A comprehensive pipeline for training and deploying binary and multi-class image segmentation networks, specifically designed for document layout analysis tasks.
Code by Eric Werner in 2024, for the Buddhist Digital Resource Center.
This project provides a complete framework for semantic segmentation of document images, enabling the identification and classification of different document elements such as text regions, images, margins, captions, headers, footers, and lines. The pipeline supports both binary segmentation (foreground/background) and multi-class segmentation for detailed document layout analysis.
- Dual Training Modes: Supports both binary and multi-class segmentation training
- Document-Specific Classes: Pre-configured for document layout elements (text, images, margins, captions, etc.)
- Data Augmentation: Built-in augmentation pipeline for improved model robustness
- Multiple Loss Functions: Supports Dice loss, Focal loss, BCE loss, and combined loss functions
- Model Export: ONNX export functionality for deployment
- PageXML Export: Export predictions in PageXML format for document analysis workflows
- Layout Detection: ONNX-based inference pipeline for real-time layout detection
The codebase is organized into several key components:
- Defines color mappings for different document element classes
- Contains pre-configured class sets for different document types (MODERN_CLASSES, PERIG_CLASSES)
- Data Structures: Enums and dataclasses for segmentation types and bounding boxes
- Dataset Classes: Custom PyTorch datasets for binary and multi-class segmentation
- Data Loading: Handles image and mask loading with proper preprocessing
- BinarySegmentationTrainer: Complete training pipeline for binary segmentation tasks
- MultiSegmentationTrainer: Training pipeline for multi-class segmentation with early stopping
- Model Management: Checkpoint saving/loading, training history tracking, and model configuration export
- Albumentations-based data augmentation pipeline
- Separate transforms for training, validation, and color augmentation
- Image processing utilities (binarization, rotation correction, patching)

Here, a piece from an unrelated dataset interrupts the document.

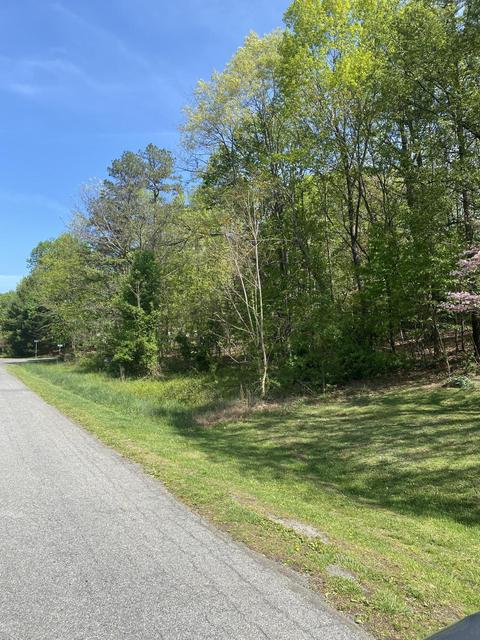 0 Spruce Ln, Blue Ridge, VA 24064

- Data manipulation functions (dataset splitting, shuffling)
- Visualization tools for samples and overlays
- File and directory management utilities
- LayoutDetection: ONNX-based inference engine for document layout analysis
- Real-time prediction with configurable class thresholds
- Contour extraction and visualization capabilities
- PageXMLExporter: Exports segmentation results to PageXML format
- Supports text line detection and reading order generation
- Compatible with Transkribus and other document analysis tools
The segmentation models are based on DeepLabV3Plus architecture from the segmentation_models_pytorch
library, which provides:
- Encoder-Decoder Structure: Efficient feature extraction and upsampling
- Atrous Spatial Pyramid Pooling (ASPP): Multi-scale feature aggregation
- Skip Connections: Preserves fine-grained spatial information
- Flexible Backbone: Support for different encoder architectures
- Data Preparation: Images and masks are loaded and preprocessed
- Augmentation: Random augmentations applied during training
- Model Training: Uses combined loss (Dice + Focal) with mixed precision training
- Validation: Regular validation with Dice and Jaccard metrics
- Model Export: Best model saved with ONNX export option
- Dice Loss: Optimizes for overlap between predicted and ground truth masks
- Focal Loss: Addresses class imbalance by focusing on hard examples
- Combined Loss: Weighted combination of Dice and Focal losses
- BCE Loss: Binary cross-entropy for binary classification tasks
from Source.Trainer import BinarySegmentationTrainer
trainer = BinarySegmentationTrainer(
train_x=train_images,
train_y=train_masks,
valid_x=val_images,
valid_y=val_masks,
test_x=test_images,
test_y=test_masks,
image_width=512,
image_height=512,
batch_size=32
)
trainer.train(epochs=50, model_name="binary_segmentation")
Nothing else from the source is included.